Exercise prompt:
Your reply should contain the whole listing below, repeated exactly, and no images.

Dataset extract:
+--

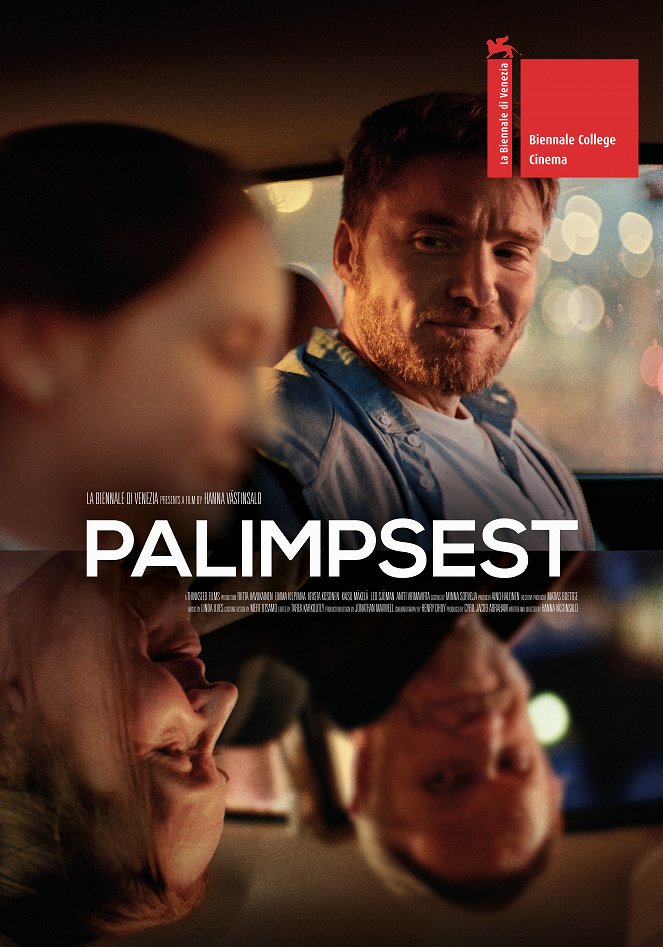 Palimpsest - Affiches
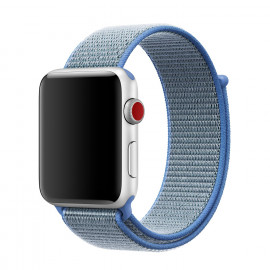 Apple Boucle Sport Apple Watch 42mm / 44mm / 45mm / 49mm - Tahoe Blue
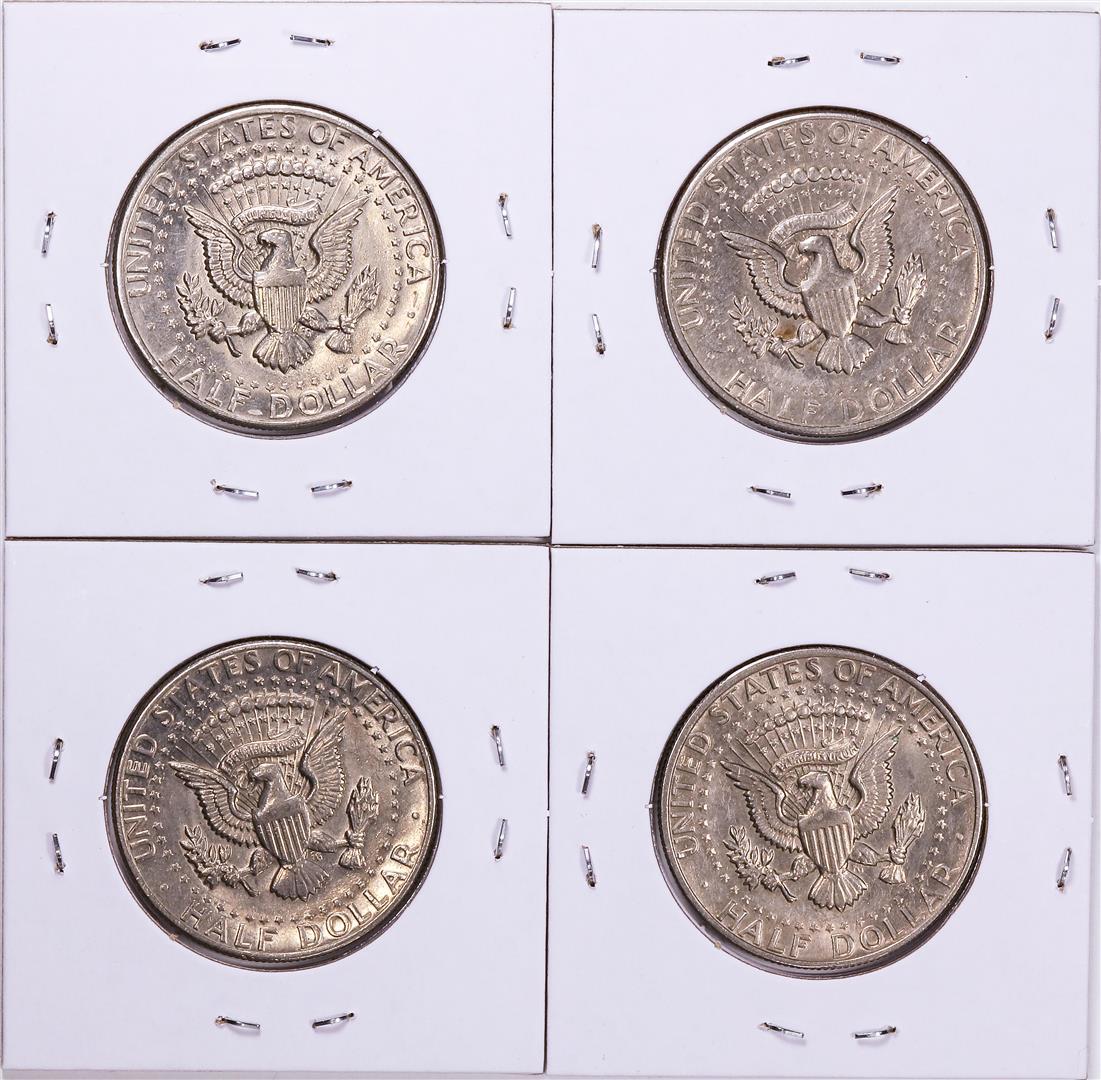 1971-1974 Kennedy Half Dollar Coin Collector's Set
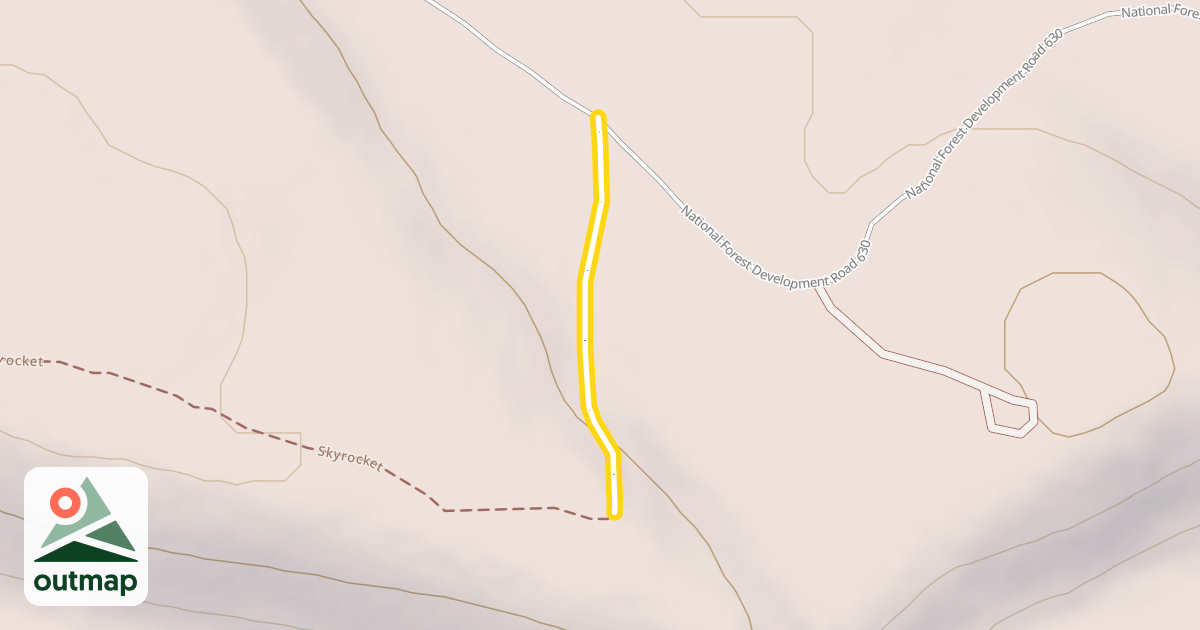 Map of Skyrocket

+--

Answer to the exercise:
 Palimpsest - Affiches
 Apple Boucle Sport Apple Watch 42mm / 44mm / 45mm / 49mm - Tahoe Blue
 1971-1974 Kennedy Half Dollar Coin Collector's Set
 Map of Skyrocket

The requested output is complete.